We also got buckets of mud carted all over the property and dumped in piles on the grass. Piles like Clifford the Big Red Dog did his potty breaks at our place. Honking piles of dumped mud, everywhere. Dirt isn’t good enough in the dirt spot. Boys must see how it looks when deposited atop something else. Something nice. Something green, that we can kill, or something dad will trip spectacularly over while searching urgently for lost pacifiers in the dark. Boys are hall of fame dumpers.

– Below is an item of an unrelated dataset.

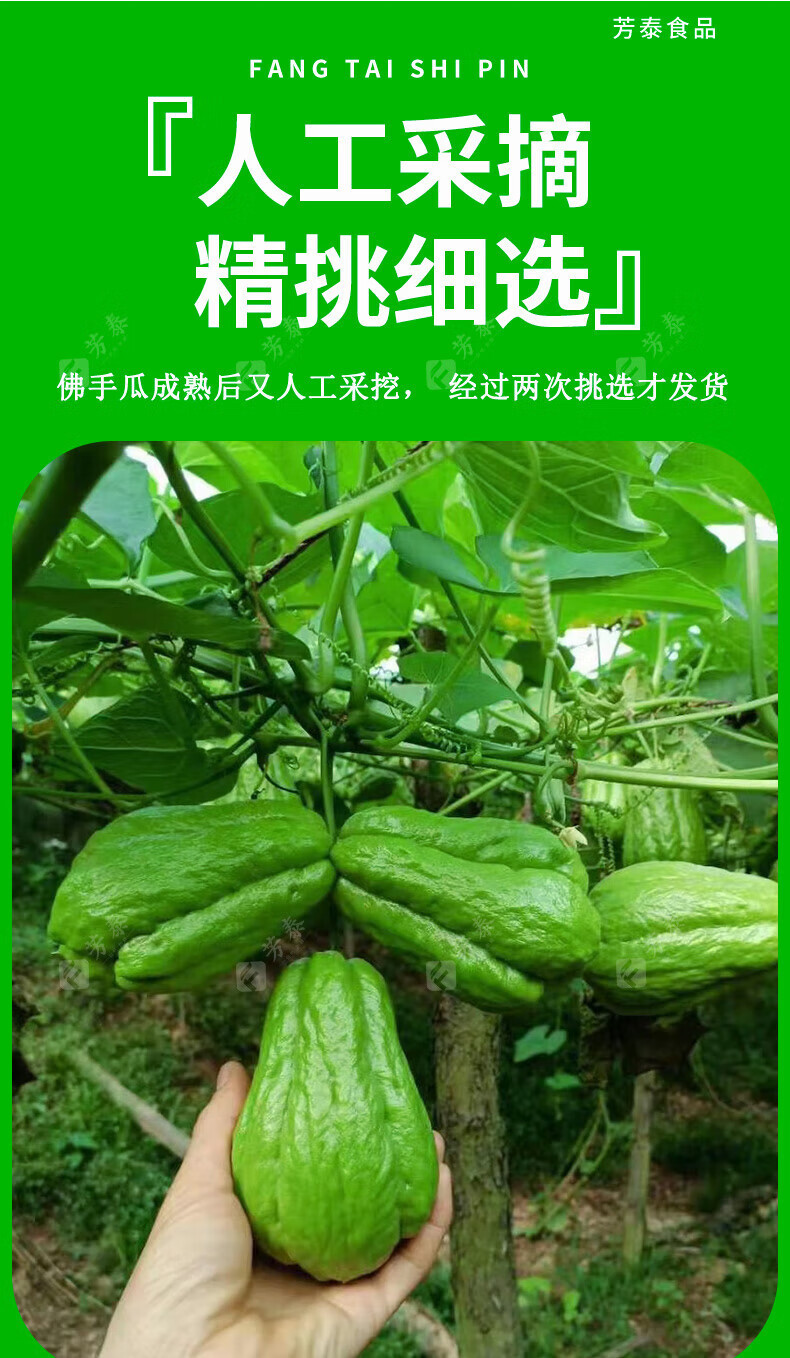 沃丰沃 佛手瓜5斤新鲜蔬菜批发洋瓜丰收应季丝瓜窝瓜现摘农家现发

But we’ve only begun to mention the reasons your lawn is toast if you have boys. There are the plagues of ferocious insects attracted to every square inch of your grass by the vast feast of scattered granola bar remnants, popsicle drippings, and gooey candy wrappers. It’s like you’re the pharaoh and the boy is mini-Moses, calling down swarms of locusts attracted solely to the shining of those horrible, foil CapriSun pouches and their glorious “Mountain Berry Mist” residue. Let’s face it, does anyone believe that even ten percent of a CapriSun pouch ever even makes it inside the kid? Not a chance. It’s all bait for the bugs that are about to munch your yard into nothingness.
Attempting to mow what’s left of your lawn when boys are done is even worse, due to the debris field your mower is forced to withstand. Golf balls, large rocks colored with markers, silverware… Every mowing session is like a new episode of “Will it Blend?” and includes exciting new discoveries for dad, like “Wow. Never thought a tennis ball could unravel into string and wrap 294 times around a mower blade. Neato.”
But as you survey your landscape once the day is done, hoping the trim job might help the neighborhood “lawn of doom” look mildly acceptable, you stop pondering the shredded victims of your “Will it Blend” show and start asking the real question:
“Will it Live?”
Because when it comes to your lawn, the answer is no. It will not live. It will die a gradual and merciless death, with boys hounding it every second of the way…
Rest in peace, lawn. You are gone for now, but never forgotten.
For when these boys are 15 and pleading for a phone and texting and car insurance premium payments… I will avenge you, lawn. With their sweat, I will avenge you. And my word is my bond!